Optimizing the Metal pipeline to maintain 120 FPS in GPUI

Zed feels smoother than ever with today's release of 0.121, thanks to a series of optimizations that began on the kitchen table of popular streamer Theo Browne. In an excellent video following our open source launch, Theo gave a bunch of great feedback, but what really stood out was his report of janky scrolling performance. That really surprised us, because that wasn't something we had experienced on our hardware.

Zed's three founders happened to be in San Francisco, so we asked Theo if we could visit and observe Zed running on his machine. Sure enough, on Theo's M2 MacBook, we indeed observed Zed dropping frames that wasn't visible on our M1s, so we enabled the metal HUD on his copy of Zed to investigate.

To enable the metal HUD, you can run MTL_HUD_ENABLED=1 /Applications/Zed.app/Contents/MacOS/zed.
To enable the metal HUD, you can run MTL_HUD_ENABLED=1 /Applications/Zed.app/Contents/MacOS/zed.

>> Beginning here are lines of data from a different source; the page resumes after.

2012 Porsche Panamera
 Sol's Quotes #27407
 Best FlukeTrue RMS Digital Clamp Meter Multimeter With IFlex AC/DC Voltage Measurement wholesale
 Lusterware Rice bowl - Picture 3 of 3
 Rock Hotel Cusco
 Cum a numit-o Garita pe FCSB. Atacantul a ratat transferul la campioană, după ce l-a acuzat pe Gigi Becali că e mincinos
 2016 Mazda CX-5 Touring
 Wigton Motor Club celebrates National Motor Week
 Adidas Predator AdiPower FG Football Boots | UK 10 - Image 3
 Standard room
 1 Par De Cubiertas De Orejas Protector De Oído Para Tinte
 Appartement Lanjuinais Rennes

What stood out immediately was that Zed was running in direct mode on his M2, whereas on our M1s it was running in composited mode. In composited mode, rather than writing directly to the display's primary frame buffer, applications write into intermediate surfaces that the Quartz compositor combines together into the final scene. We recently learned that to enable direct mode on M1s, you have to run the app full screen. We rarely enable that mode, but as soon as we did, we immediately reproduced Theo's issues. The compositor introduces latency, so you would think bypassing it would make Zed perform better, yet we observed the opposite.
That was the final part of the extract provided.